Annex-50 zou de aanschaf van de gevonden paardentram financieren…

In het Ginneken zelf waren er problemen hoe de tram, eigenlijk meer een wrak, te renoveren en de belangrijke vraag waar deze gestald zou kunnen worden. Toen werd er van de ene op de andere dag een uniek verbond gesloten tussen de vroegere zusterdorpen het Ginneken en Ulvenhout. De gesloten overeenkomst hield in dat het Ginneken (Stichting Annex-50) de aanschaf van de gevonden paardentram zou financieren. Hiervoor moest een voor de organisatie hoog bedrag van f 4.200, -- worden opgehoest. Na verwerving zou de tram aan Ulvenhout (de heemkundekring 'Paulus van Daesdonck') worden geschonken, die op haar beurt in zou staan voor het restaureren van de tram en het zorgen voor een onderdak.

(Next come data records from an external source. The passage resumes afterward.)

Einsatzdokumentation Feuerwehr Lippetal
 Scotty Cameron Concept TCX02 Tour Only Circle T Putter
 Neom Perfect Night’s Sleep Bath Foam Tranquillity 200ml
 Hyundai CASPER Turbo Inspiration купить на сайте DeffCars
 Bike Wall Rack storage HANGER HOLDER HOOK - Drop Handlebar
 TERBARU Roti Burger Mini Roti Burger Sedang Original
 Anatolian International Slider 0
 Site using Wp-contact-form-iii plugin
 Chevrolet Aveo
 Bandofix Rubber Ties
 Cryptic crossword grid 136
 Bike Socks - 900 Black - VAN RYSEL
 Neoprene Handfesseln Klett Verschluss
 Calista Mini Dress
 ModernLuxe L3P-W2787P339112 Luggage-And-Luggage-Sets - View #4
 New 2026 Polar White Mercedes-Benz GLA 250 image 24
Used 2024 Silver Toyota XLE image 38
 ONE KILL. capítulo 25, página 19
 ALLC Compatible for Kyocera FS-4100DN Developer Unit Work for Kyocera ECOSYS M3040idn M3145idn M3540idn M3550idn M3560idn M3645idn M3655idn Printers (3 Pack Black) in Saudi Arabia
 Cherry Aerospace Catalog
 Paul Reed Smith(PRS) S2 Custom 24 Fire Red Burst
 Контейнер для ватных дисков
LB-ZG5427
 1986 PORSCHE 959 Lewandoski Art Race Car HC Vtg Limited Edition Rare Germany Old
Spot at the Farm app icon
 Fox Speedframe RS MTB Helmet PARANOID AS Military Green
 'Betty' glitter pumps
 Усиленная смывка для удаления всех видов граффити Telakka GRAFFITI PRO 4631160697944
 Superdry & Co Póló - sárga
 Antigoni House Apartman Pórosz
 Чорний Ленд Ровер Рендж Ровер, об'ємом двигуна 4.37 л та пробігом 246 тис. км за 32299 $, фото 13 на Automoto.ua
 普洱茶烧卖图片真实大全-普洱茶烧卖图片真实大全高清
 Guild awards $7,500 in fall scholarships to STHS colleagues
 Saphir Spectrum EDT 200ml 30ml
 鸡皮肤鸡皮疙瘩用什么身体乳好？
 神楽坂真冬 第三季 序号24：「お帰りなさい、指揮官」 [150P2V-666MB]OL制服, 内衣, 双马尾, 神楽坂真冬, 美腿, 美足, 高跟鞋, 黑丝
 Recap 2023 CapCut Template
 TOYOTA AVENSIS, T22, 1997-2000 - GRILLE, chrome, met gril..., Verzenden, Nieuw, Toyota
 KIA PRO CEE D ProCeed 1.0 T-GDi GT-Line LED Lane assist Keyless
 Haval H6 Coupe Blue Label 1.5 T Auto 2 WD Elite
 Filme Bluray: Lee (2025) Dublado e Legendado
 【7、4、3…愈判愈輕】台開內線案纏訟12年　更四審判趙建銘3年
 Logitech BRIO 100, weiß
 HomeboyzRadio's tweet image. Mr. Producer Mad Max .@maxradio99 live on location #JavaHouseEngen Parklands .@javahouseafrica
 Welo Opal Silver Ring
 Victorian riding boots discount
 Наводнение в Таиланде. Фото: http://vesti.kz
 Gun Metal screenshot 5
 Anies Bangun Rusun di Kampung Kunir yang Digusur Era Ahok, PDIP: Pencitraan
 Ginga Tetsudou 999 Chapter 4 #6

Inmiddels werd de koop gesloten en was de gevonden paardentram niet langer meer een gewild speeltuig voor weer en wind. Er werd onderdak gevonden in een loods van de Domeinen. Deskundigen bestudeerden de tram om een verantwoord opknapprogramma op te stellen. Dat opknappen zou, zo waren de verwachtingen, een tweetal jaren gaan duren. Maar dan zou hij er weer piekfijn uitzien, zo werd verzekerd. Voordat Stichting Annex-50 het geld voor de aanschaf van de tram op tafel legde, zijn er met de Heemkundekring 'Paulus van Daesdonck enkele afspraken gemaakt. Zo zou na de restauratie de tram voor de eerste keer in het Ginneken worden geëxposeerd. Tijdens deze expositie zou 'Paulus van Daesdonck' een grote tentoonstelling verzorgen met de vroegere gemeente Ginneken en Bavel als onderwerp.

Jan van der Westerlaken dacht aan twee soorten wielen onder de tram…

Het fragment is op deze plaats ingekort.